* [THE DATA]:
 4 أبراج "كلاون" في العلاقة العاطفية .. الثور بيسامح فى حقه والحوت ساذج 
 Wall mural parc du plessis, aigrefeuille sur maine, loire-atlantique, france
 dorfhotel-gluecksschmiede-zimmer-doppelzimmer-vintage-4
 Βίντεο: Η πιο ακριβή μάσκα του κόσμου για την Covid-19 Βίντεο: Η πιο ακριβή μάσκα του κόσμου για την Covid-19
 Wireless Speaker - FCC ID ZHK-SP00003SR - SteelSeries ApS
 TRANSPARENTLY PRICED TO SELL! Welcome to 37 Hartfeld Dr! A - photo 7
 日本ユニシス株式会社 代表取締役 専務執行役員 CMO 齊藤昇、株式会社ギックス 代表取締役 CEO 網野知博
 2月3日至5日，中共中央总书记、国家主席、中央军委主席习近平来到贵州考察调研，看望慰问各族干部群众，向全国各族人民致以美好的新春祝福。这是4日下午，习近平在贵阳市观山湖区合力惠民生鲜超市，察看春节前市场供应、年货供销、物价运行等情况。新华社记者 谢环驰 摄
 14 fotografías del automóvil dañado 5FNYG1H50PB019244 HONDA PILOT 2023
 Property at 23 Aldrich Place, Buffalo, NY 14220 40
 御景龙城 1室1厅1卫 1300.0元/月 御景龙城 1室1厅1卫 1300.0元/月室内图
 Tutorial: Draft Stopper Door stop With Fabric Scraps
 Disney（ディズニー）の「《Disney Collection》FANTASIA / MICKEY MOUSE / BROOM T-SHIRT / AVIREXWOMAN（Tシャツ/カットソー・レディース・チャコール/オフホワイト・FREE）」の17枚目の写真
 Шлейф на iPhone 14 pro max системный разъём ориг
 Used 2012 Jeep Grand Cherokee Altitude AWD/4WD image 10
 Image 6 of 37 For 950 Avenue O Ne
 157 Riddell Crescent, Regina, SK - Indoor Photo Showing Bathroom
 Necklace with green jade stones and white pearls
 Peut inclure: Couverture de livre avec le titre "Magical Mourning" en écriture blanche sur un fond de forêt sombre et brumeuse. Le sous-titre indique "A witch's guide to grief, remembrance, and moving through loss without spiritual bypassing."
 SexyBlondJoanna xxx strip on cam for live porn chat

* [TASK REQUIREMENTS]:
From the line containing "御景龙城 1室1厅1卫 1300.0元/月 御景龙城" to the final line of the entries, print every line exactly and nothing else.

* [YOUR RESPONSE]:
 御景龙城 1室1厅1卫 1300.0元/月 御景龙城 1室1厅1卫 1300.0元/月室内图
 Tutorial: Draft Stopper Door stop With Fabric Scraps
 Disney（ディズニー）の「《Disney Collection》FANTASIA / MICKEY MOUSE / BROOM T-SHIRT / AVIREXWOMAN（Tシャツ/カットソー・レディース・チャコール/オフホワイト・FREE）」の17枚目の写真
 Шлейф на iPhone 14 pro max системный разъём ориг
 Used 2012 Jeep Grand Cherokee Altitude AWD/4WD image 10
 Image 6 of 37 For 950 Avenue O Ne
 157 Riddell Crescent, Regina, SK - Indoor Photo Showing Bathroom
 Necklace with green jade stones and white pearls
 Peut inclure: Couverture de livre avec le titre "Magical Mourning" en écriture blanche sur un fond de forêt sombre et brumeuse. Le sous-titre indique "A witch's guide to grief, remembrance, and moving through loss without spiritual bypassing."
 SexyBlondJoanna xxx strip on cam for live porn chat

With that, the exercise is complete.